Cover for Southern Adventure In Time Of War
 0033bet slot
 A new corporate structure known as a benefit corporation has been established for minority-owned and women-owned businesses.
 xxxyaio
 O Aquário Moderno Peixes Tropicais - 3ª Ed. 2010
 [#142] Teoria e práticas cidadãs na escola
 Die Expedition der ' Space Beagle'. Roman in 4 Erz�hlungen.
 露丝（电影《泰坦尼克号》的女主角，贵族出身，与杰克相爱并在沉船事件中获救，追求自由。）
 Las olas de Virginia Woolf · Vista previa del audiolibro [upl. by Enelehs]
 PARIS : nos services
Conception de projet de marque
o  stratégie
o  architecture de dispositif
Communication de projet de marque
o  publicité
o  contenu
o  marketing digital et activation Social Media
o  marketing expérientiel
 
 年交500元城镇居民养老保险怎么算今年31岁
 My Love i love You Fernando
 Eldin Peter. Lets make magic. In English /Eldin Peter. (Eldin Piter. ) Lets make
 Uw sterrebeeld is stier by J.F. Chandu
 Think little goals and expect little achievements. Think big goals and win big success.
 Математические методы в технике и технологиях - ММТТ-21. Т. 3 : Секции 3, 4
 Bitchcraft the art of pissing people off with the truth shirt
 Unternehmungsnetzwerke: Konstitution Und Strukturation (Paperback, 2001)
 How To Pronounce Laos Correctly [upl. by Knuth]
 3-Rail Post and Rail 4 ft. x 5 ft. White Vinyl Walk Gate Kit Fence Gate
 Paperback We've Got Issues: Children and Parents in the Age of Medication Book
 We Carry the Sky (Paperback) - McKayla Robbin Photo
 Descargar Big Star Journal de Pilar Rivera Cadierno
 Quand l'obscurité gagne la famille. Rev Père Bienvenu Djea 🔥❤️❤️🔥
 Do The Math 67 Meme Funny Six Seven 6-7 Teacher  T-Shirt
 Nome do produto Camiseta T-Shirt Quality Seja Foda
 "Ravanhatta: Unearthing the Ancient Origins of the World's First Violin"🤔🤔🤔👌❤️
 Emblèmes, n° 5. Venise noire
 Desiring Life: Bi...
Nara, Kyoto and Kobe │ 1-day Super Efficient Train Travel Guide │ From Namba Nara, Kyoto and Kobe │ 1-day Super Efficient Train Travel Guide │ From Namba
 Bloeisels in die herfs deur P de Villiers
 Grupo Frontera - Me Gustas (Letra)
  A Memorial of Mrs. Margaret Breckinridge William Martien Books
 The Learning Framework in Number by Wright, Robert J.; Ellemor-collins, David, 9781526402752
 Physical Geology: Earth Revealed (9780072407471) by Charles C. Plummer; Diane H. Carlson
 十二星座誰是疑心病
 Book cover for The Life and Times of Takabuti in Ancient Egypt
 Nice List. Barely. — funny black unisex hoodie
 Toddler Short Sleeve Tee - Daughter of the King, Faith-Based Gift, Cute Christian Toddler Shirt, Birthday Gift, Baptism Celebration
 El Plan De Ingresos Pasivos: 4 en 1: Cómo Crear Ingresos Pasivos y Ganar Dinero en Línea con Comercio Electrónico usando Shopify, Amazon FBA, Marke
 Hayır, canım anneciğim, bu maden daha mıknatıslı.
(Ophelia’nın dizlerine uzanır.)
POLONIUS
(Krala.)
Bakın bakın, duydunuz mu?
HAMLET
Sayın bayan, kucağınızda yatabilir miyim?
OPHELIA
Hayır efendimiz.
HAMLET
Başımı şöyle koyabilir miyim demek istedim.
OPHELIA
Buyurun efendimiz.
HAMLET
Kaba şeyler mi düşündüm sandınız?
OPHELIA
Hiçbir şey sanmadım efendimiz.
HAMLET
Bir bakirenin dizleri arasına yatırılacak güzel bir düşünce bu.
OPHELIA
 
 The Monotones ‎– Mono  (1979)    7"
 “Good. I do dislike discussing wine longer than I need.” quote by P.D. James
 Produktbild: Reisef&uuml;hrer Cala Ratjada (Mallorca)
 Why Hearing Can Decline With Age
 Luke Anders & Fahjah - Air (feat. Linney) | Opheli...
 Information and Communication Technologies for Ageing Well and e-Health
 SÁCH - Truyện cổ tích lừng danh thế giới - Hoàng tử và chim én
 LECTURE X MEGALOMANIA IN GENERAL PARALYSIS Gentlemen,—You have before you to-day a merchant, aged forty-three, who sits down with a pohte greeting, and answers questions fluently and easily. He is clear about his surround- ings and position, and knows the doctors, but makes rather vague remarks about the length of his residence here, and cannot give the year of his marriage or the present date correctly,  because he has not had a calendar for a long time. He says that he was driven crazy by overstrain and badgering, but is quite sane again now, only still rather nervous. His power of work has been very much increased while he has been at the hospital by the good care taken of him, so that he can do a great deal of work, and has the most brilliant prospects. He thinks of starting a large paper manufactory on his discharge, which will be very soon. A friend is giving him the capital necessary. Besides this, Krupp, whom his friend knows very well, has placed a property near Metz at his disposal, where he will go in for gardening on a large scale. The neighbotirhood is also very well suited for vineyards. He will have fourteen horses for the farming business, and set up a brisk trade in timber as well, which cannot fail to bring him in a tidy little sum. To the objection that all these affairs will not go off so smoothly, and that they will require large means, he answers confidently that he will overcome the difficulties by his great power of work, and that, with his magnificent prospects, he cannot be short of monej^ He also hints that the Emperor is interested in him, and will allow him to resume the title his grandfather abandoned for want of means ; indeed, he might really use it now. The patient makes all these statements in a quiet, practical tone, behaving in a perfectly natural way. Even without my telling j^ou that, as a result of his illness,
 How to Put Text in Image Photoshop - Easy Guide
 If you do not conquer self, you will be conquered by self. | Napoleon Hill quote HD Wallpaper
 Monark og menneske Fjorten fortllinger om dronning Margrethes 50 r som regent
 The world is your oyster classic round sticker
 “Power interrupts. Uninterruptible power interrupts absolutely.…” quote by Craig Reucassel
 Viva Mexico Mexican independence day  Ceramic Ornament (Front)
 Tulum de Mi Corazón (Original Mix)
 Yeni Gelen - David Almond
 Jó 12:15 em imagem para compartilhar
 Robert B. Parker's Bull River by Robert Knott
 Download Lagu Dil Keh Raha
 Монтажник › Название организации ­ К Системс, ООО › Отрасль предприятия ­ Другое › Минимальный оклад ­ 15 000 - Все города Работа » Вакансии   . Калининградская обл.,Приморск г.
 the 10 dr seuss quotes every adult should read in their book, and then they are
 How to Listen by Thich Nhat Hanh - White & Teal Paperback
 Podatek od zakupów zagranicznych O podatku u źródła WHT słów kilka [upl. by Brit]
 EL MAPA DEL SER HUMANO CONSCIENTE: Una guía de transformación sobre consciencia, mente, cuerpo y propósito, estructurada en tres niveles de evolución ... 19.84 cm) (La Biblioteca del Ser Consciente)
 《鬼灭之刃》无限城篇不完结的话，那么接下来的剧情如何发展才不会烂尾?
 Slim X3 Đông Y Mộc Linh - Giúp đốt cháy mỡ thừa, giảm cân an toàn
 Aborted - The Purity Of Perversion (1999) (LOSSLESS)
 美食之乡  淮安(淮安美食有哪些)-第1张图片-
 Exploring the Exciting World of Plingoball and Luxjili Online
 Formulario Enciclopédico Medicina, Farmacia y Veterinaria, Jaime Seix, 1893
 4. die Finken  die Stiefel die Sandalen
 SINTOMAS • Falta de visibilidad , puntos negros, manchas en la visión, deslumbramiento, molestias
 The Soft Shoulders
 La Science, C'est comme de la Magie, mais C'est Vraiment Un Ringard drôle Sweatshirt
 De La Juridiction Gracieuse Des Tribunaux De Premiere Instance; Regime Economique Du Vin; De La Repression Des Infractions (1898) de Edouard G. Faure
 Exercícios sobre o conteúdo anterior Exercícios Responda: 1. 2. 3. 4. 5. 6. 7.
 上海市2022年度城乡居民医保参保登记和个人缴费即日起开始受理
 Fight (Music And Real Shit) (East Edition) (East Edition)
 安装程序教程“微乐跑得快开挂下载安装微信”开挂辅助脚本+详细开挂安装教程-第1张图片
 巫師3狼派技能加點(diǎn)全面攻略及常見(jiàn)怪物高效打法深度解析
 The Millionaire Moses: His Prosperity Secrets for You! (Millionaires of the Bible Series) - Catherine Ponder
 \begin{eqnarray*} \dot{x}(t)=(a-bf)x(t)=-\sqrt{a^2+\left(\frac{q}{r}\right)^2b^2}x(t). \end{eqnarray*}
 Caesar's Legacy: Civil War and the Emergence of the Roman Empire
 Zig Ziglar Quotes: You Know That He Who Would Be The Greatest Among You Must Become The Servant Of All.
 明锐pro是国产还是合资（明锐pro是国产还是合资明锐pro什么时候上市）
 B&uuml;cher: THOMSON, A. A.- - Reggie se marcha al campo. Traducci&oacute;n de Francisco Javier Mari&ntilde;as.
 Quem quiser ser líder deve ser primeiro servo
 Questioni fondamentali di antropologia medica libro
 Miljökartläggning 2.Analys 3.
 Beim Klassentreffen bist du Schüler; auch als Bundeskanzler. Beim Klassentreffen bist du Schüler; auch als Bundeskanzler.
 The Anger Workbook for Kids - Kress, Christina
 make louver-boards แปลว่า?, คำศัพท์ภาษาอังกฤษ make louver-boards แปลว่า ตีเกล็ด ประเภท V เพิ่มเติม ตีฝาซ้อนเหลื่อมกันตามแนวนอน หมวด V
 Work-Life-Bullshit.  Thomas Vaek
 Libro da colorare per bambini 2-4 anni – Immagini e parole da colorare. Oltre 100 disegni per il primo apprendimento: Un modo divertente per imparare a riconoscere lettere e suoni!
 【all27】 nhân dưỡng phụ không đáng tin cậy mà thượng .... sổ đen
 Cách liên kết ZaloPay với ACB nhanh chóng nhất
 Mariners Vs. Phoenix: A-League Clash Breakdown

Your task> The expected answer holds each line from the listing above where the string "Paperback" is present.

Result of the task>
 Unternehmungsnetzwerke: Konstitution Und Strukturation (Paperback, 2001)
 Paperback We've Got Issues: Children and Parents in the Age of Medication Book
 We Carry the Sky (Paperback) - McKayla Robbin Photo
 How to Listen by Thich Nhat Hanh - White & Teal Paperback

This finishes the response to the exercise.